凡人之学,谓之曰“务外遗内”,谓之曰“玩物丧志”者,以其不反而求诸理也。求诸理,又岂有内外之可言哉?在心之理,在物之理,一也。天下无性外之物,无心外之理,犹之器受日光,在彼在此,日则一也,不能析之而为二,岂待合之而始一也?(以上《阳明辨》)。
論學書
平日自认,以此心惺然常明者为道心,惟知学者有之,蚩蚩之氓无有也。即其平旦几希,因物感触,倏明倏晦,如金在矿,但可谓之矿,不可谓之金;如水凝冰,但可谓之冰,不可谓之水。而先生乃曰:“僮仆之服役中节者,皆道心也。”初甚疑之,已而体认,忽觉平日所谓惺然常明之心,乃是把捉之意。而蚩蚩之民,有如鸢飞鱼跃,出于任天之使者,反有合于不识不知之帝则,特彼日用不知耳。然则无觉非也,有意亦非也,必以良心之自然者为真,稍涉安排,即非本色矣。(《与许敬菴》)

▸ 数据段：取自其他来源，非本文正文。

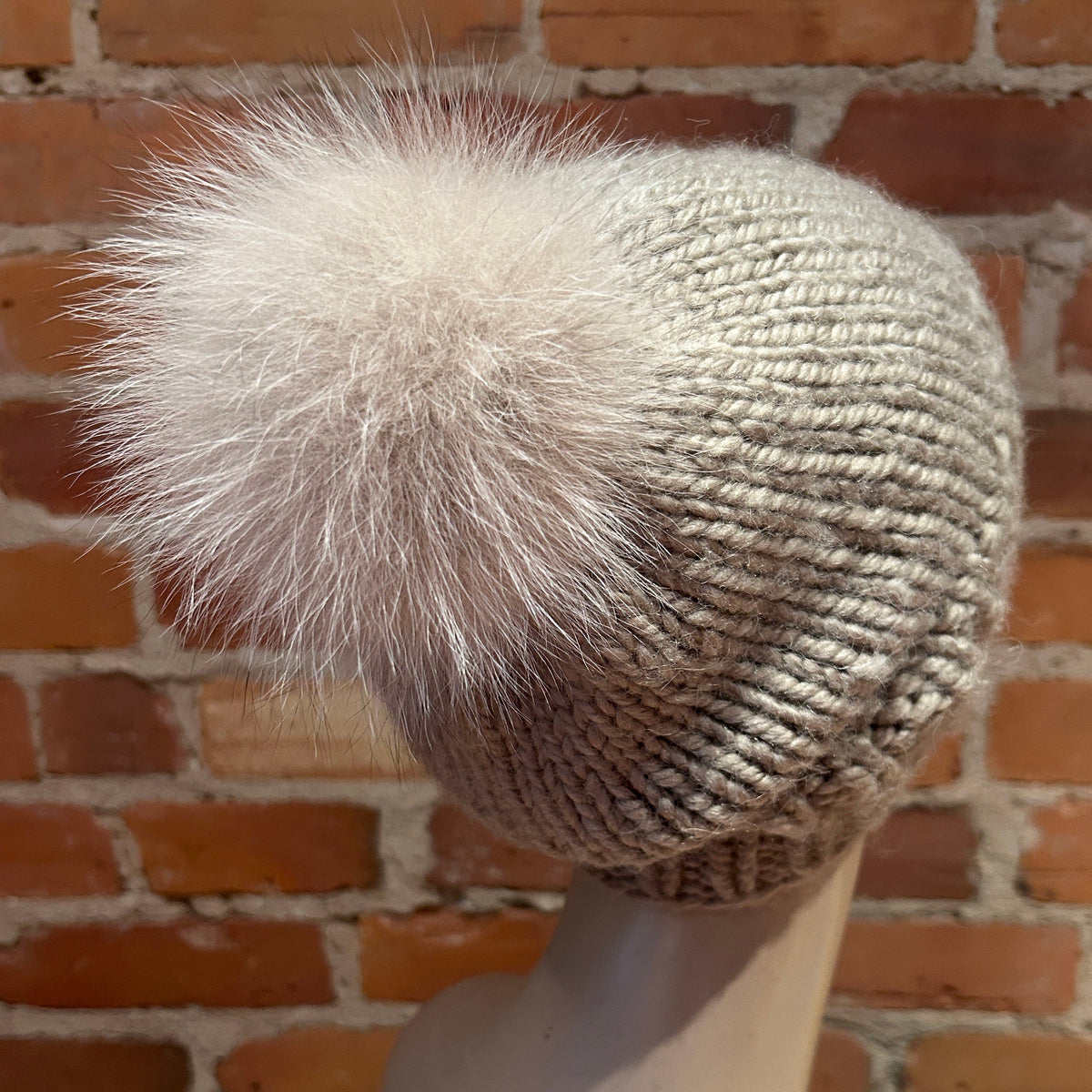 A chunky knit beanie hat in a light oatmeal gray color with a large fluffy fox-fur pom-pom, displayed on a mannequin head against a brick wall background.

佛氏所为善,念中善事也,与圣人言善绝不相干。韩子曰:“彼以煦煦为仁,孑孑为义,其小之也固宜。”如佛氏所谓善,其无之也亦宜。
格物之功非一,其要归于知本。知修身为本而本之,天下无余事矣。盖格来格去,知得世间总无身外之理,总无修外之工,正其本,万事理更不向外着一念。如此自然纯乎天理,而无一毫人欲之私,岂不是止至善也?程、朱错认此谓知本是阙文,而谓格致别有传,遂令“修身”、“为本”二节无归着。后世知得此谓知本是原文,而谓格物只格本末,又令格物致知之工无下手。假令一无知识之人,不使读书讲论,如朱子四格法,而专令格本末,其有入乎?

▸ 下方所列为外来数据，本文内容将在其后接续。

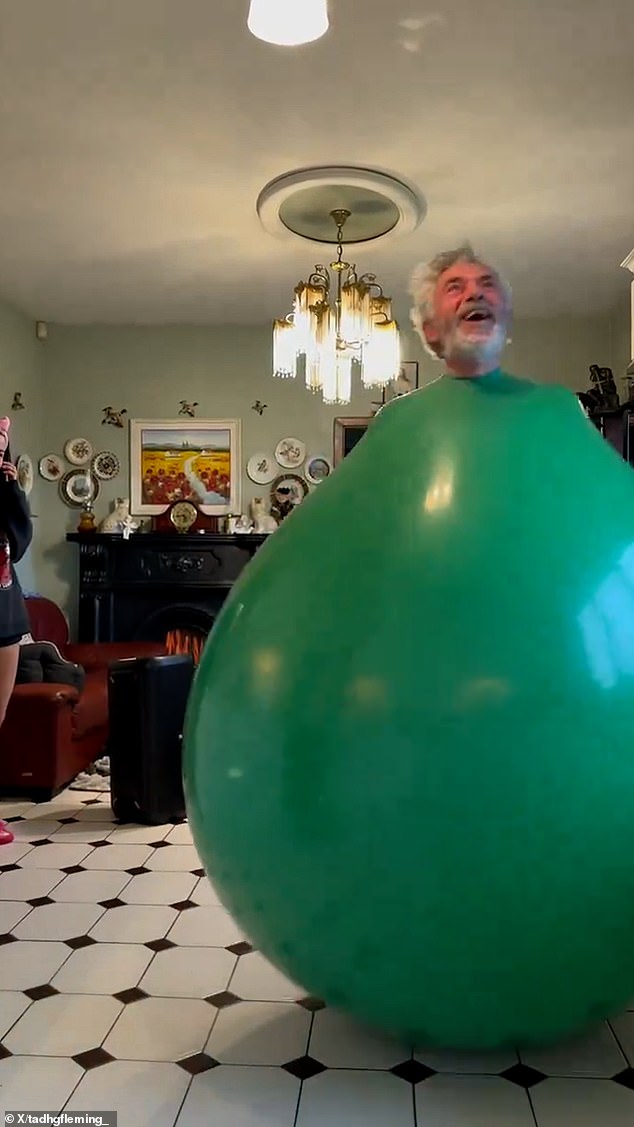 Tadgh's father is seen enjoying bouncing on the balloon to the music.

诸老之中,塘南可谓洞澈心境者矣。然以愚见窥之,尚有未究竟在。何则?圣人之学,上下一贯,故其表里精粗,无不兼到。举要而言,循理而已。循理便无事,即无思无为之谓也。今徒曰无思无为,得手者自不至遗弃事物,然已启遗弃事物之弊矣。如曰“止於至善”,有何名相倚着之可言?至矣,极矣!今必曰“无善无恶”,又须下转语曰:“无善无恶,乃所以为至善也。明者自可会通。”然而以之明心性者十之一,以之灭行检者十之九矣。无思无为者,即无善无恶之谓也。未离知解,则未离门户,未离门户,则未离倚着,倚着易知,而无倚着之倚着难知也。故曰“尚有未究竟在”。圣人之道,至易至简,无可名言,故曰“予欲无言”。惟其无可言,故其可言者,人伦日用之常而已。所以愈浅而愈深,愈卑而愈高,愈显而愈微,然则如之何而可使人见本体也?曰“此在人之信”,而非可以无思无为,无善无恶,转令人走向别处也。如《易》曰:“乾,元亨利贞”,如言人仁义礼智之谓也。停停当当,本体如是而已。信得及者,别无一事,日用常行,人伦事物,无令少有汙坏而已。此所以为至易至简也。(以上《答顾泾阳》)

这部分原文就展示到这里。